### Requirement
Here is the task for the listing below: output exactly the lines from the one containing "2021 Honda Pilot" through the one containing "An Organic Georgia", and leave out the pictures.

### Data records
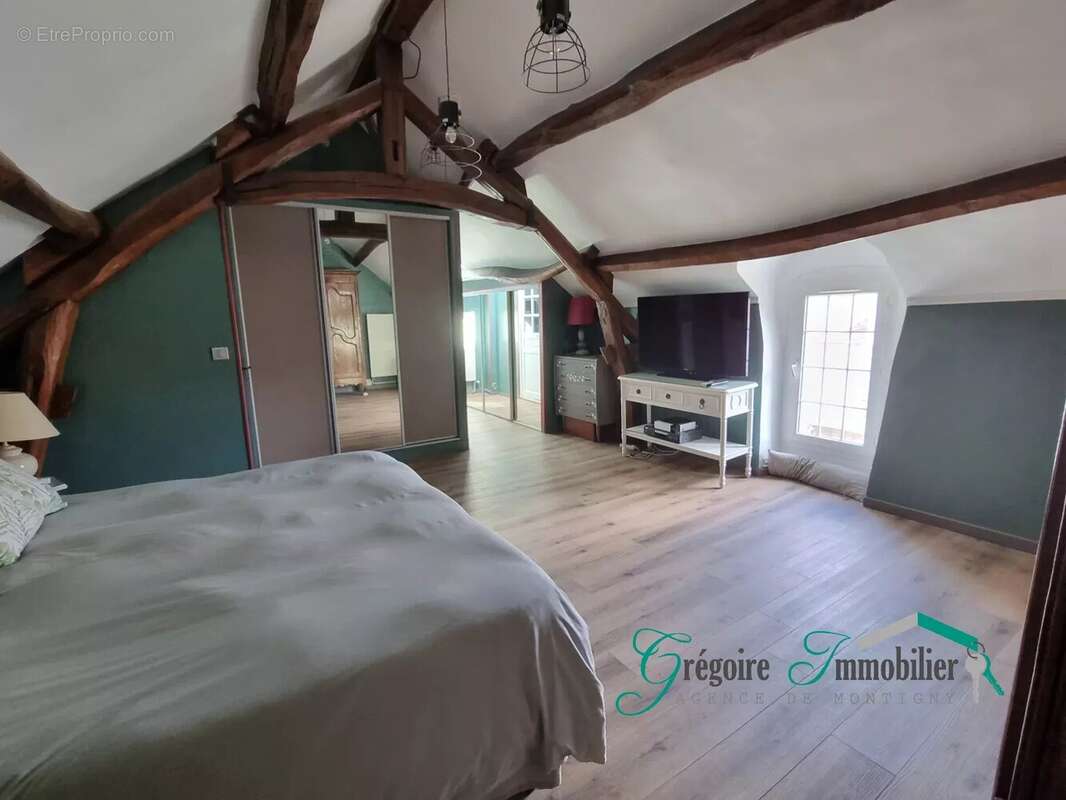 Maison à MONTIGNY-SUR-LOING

==

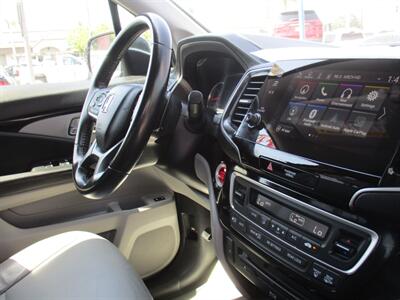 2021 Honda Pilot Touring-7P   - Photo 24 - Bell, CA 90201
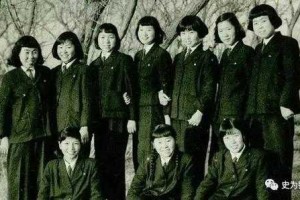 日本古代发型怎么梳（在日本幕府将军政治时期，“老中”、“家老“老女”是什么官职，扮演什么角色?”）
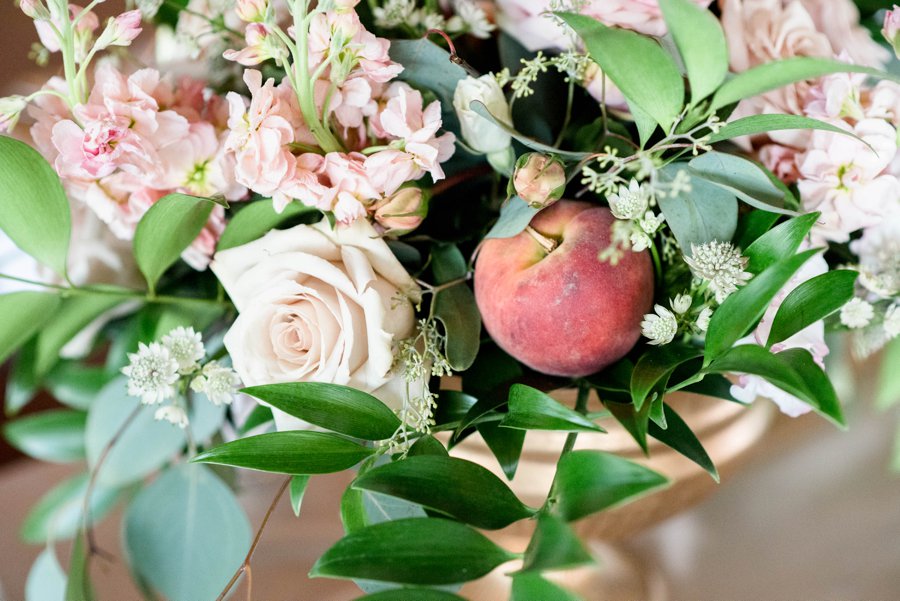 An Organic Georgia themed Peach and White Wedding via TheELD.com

### Solution for this task
 2021 Honda Pilot Touring-7P   - Photo 24 - Bell, CA 90201
 日本古代发型怎么梳（在日本幕府将军政治时期，“老中”、“家老“老女”是什么官职，扮演什么角色?”）
 An Organic Georgia themed Peach and White Wedding via TheELD.com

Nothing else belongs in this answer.